_WHAT NEEDS TO BE DONE_.
Copy task. Retype the whole listing exactly, omitting any picture in it.

_RAW DATA_.
+ + + +
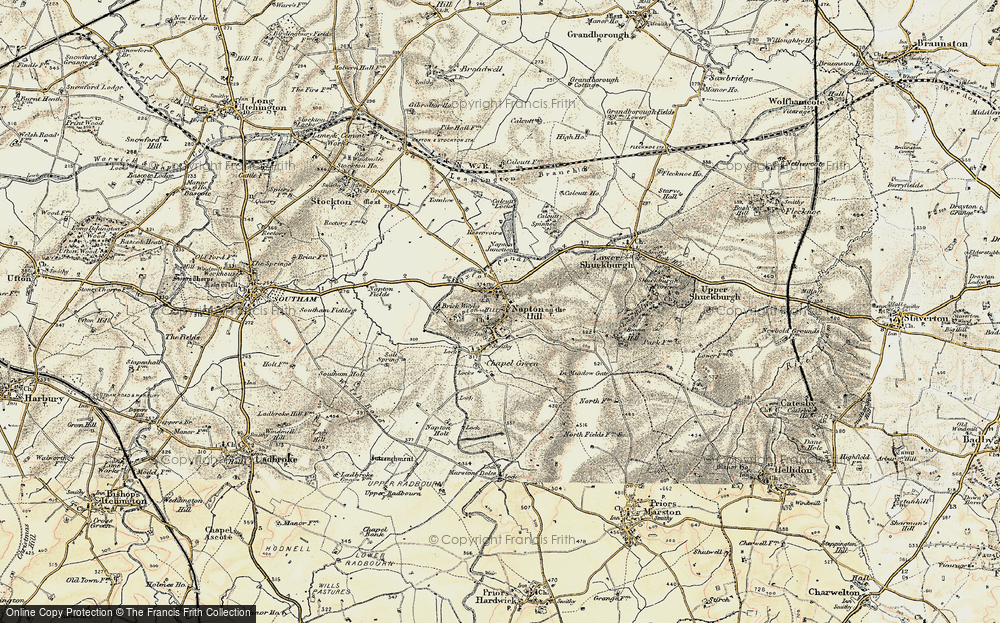 Historic Ordnance Survey Map Of Napton On The Hill 1898 1902   Napton On The Hill 1898 1902 Rnc787849 Large 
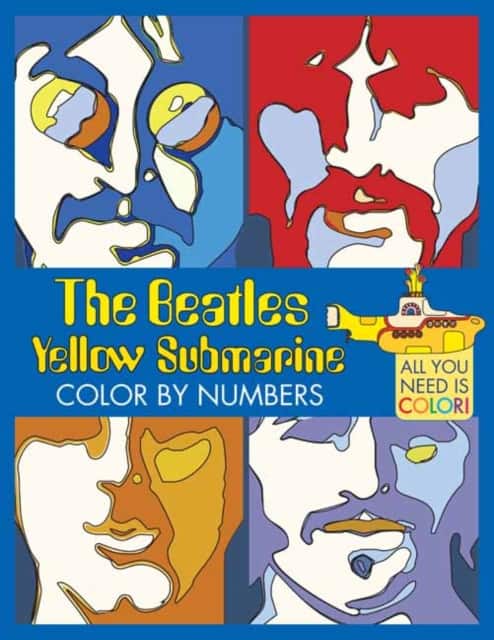 The Beatles Yellow Submarine Color By Numbers av Insight Editions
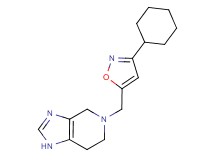 5-[(3-cyclohexylisoxazol-5-yl)methyl]-4,5,6,7-tetrahydro-1H-imidazo[4,5-c]pyridine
+ + + +
_RESULT FOR THIS TASK_.
 Historic Ordnance Survey Map Of Napton On The Hill 1898 1902   Napton On The Hill 1898 1902 Rnc787849 Large 
 The Beatles Yellow Submarine Color By Numbers av Insight Editions
 5-[(3-cyclohexylisoxazol-5-yl)methyl]-4,5,6,7-tetrahydro-1H-imidazo[4,5-c]pyridine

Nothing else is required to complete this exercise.